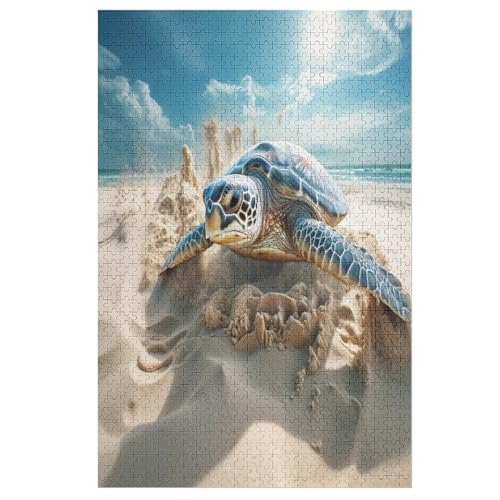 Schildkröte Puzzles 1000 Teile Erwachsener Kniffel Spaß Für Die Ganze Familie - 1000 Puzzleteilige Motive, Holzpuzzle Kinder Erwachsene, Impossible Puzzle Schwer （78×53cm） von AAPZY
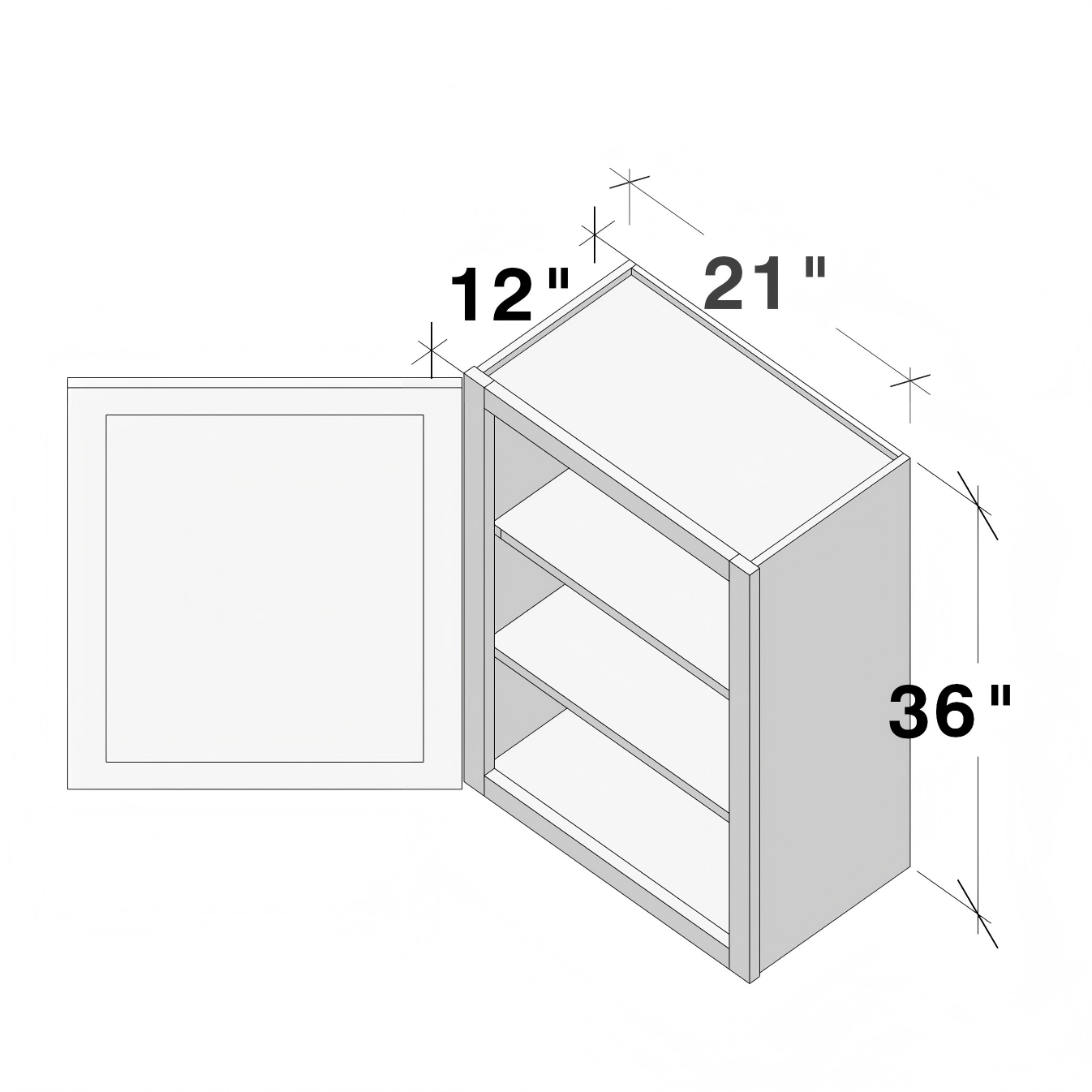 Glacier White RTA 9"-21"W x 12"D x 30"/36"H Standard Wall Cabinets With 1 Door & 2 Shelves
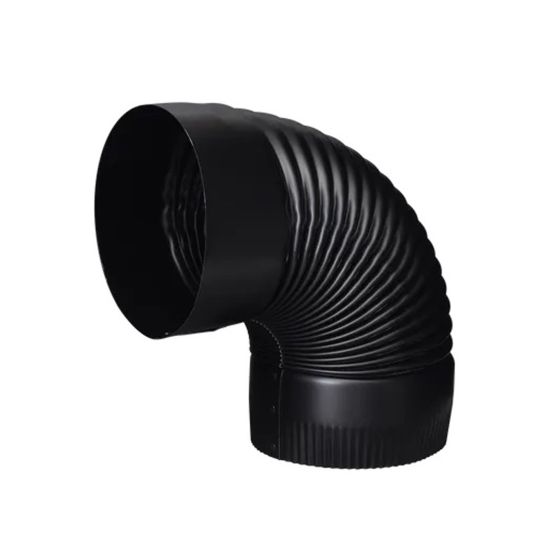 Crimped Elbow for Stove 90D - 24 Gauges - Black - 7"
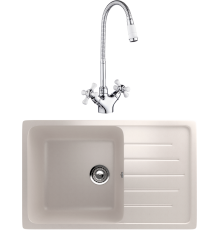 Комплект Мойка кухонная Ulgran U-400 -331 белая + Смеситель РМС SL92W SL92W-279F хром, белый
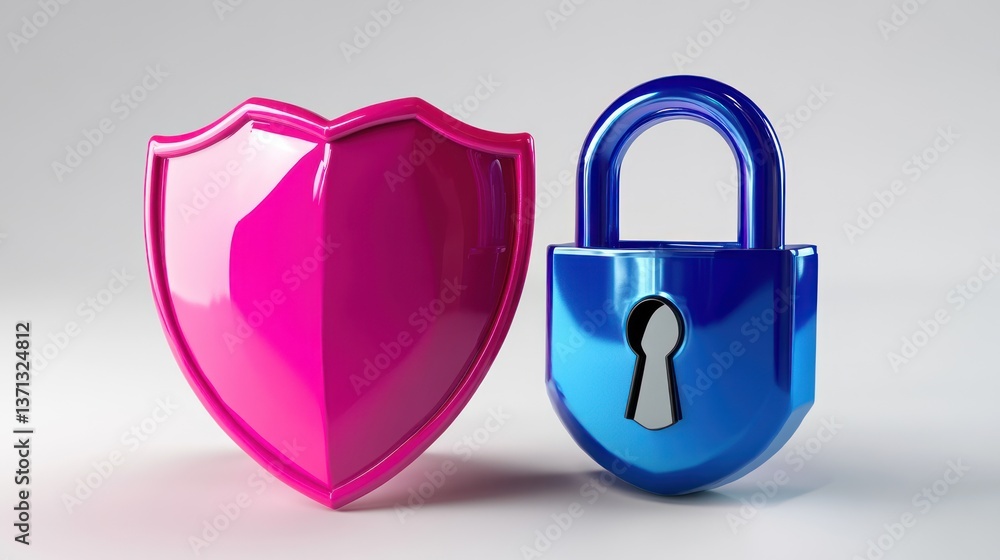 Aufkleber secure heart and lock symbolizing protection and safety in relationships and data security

::::::::::

### Problem requirements
Send back the entries above exactly. Skip the images.

### Written response
 Schildkröte Puzzles 1000 Teile Erwachsener Kniffel Spaß Für Die Ganze Familie - 1000 Puzzleteilige Motive, Holzpuzzle Kinder Erwachsene, Impossible Puzzle Schwer （78×53cm） von AAPZY
 Glacier White RTA 9"-21"W x 12"D x 30"/36"H Standard Wall Cabinets With 1 Door & 2 Shelves
 Crimped Elbow for Stove 90D - 24 Gauges - Black - 7"
 Комплект Мойка кухонная Ulgran U-400 -331 белая + Смеситель РМС SL92W SL92W-279F хром, белый
 Aufkleber secure heart and lock symbolizing protection and safety in relationships and data security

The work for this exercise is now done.